WORK ITEM: With the pictures left out, print exactly the lines below that run from the one containing "Storage Cabinet |" through the one containing "Nell Gold Glitter".

DATA:
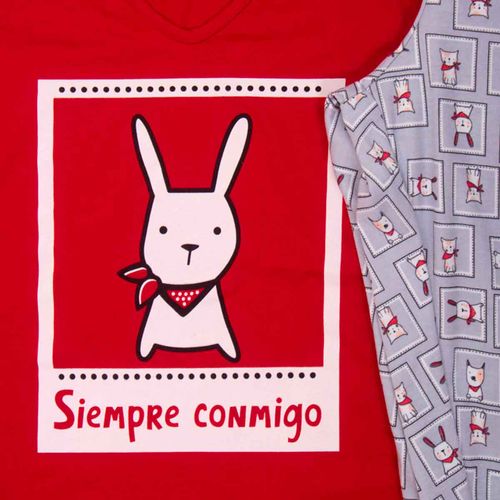 Pijama Twins rojo para dama TJMC0239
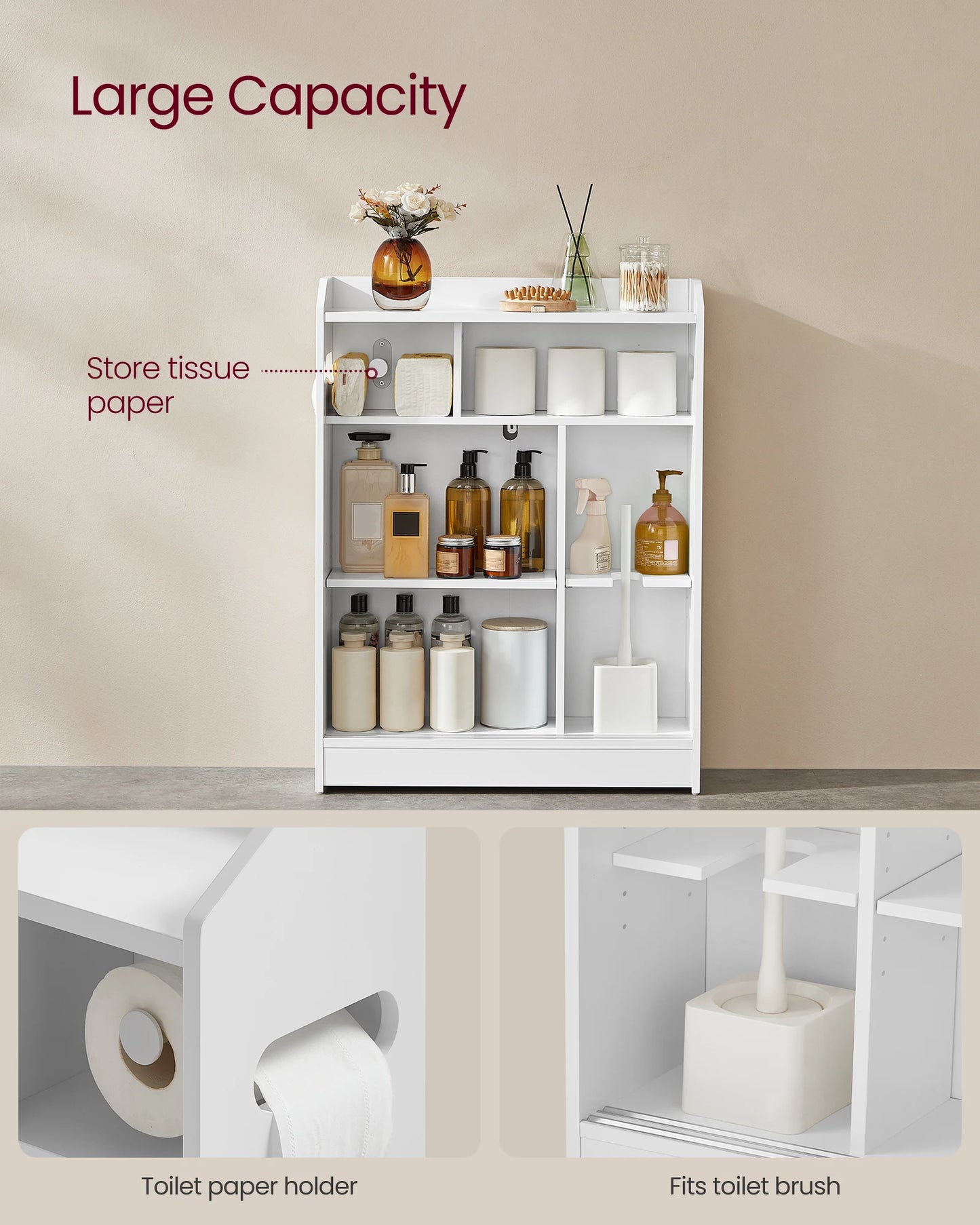 Storage Cabinet | Sliding Doors | Toilet Paper Holder | Slim Cabinet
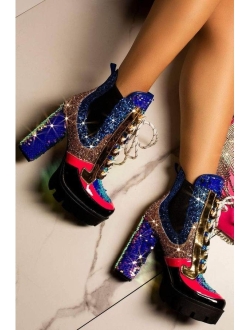 Nell Gold Glitter Platform Chelsea Ankle Boots with Chunky Block Heels for Women Featuring a Sequined Tongue and Heel
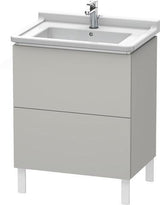 Duravit L-Cube Waschtischunterbau 469x670x712 mm taupe matt – 2 Auszüge, Tip-On, für Starck 3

OUTPUT OF THE TASK:
 Storage Cabinet | Sliding Doors | Toilet Paper Holder | Slim Cabinet
 Nell Gold Glitter Platform Chelsea Ankle Boots with Chunky Block Heels for Women Featuring a Sequined Tongue and Heel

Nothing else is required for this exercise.